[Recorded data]
[Start of Attachment]

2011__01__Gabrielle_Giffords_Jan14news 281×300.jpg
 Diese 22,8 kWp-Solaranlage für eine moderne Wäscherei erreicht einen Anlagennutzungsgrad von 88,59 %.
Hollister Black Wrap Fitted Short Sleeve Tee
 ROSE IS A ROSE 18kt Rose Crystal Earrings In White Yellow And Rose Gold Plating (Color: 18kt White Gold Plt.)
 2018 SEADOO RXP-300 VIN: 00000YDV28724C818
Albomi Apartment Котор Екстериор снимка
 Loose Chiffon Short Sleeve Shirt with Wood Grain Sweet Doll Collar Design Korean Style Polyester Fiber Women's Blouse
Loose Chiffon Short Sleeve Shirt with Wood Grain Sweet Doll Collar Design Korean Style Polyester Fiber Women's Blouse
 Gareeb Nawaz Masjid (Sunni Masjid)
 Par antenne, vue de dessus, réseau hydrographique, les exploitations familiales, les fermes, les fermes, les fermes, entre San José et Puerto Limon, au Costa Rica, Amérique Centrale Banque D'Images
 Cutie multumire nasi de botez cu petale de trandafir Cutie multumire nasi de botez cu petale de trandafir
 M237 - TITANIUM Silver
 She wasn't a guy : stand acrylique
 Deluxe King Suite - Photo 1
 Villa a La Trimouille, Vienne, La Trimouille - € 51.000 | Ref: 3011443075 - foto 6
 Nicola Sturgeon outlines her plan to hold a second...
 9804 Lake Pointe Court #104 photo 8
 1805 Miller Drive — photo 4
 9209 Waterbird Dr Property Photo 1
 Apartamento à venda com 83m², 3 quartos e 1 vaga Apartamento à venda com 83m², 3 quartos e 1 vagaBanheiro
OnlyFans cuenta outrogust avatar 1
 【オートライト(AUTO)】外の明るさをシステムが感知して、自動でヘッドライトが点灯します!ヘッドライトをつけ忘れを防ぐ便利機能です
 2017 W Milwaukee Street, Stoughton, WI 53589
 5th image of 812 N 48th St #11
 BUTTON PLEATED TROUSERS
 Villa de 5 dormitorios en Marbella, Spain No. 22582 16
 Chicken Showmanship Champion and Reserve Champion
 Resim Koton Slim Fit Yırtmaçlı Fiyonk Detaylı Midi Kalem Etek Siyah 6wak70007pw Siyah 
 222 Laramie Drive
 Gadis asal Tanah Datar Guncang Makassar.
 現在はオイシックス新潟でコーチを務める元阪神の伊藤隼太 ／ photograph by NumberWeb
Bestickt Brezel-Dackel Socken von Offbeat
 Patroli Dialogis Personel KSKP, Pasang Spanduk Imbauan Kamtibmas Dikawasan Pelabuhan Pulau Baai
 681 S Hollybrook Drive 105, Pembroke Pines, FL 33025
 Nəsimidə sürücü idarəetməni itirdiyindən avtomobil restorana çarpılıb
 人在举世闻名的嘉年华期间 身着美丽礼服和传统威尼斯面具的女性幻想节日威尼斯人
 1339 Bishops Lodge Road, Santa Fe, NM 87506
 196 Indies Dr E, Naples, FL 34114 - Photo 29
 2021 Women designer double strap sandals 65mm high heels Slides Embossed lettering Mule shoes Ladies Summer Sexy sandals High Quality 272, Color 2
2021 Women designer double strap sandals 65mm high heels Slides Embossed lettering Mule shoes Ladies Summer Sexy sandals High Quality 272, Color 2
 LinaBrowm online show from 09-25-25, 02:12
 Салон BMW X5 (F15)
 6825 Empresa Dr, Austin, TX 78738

[End of Attachment]

Copy word for word the stretch of entries above from the line that has "BUTTON PLEATED TROUSERS" through the line that has "Patroli Dialogis Personel", both ends included, and nothing outside it.

 BUTTON PLEATED TROUSERS
 Villa de 5 dormitorios en Marbella, Spain No. 22582 16
 Chicken Showmanship Champion and Reserve Champion
 Resim Koton Slim Fit Yırtmaçlı Fiyonk Detaylı Midi Kalem Etek Siyah 6wak70007pw Siyah 
 222 Laramie Drive
 Gadis asal Tanah Datar Guncang Makassar.
 現在はオイシックス新潟でコーチを務める元阪神の伊藤隼太 ／ photograph by NumberWeb
Bestickt Brezel-Dackel Socken von Offbeat
 Patroli Dialogis Personel KSKP, Pasang Spanduk Imbauan Kamtibmas Dikawasan Pelabuhan Pulau Baai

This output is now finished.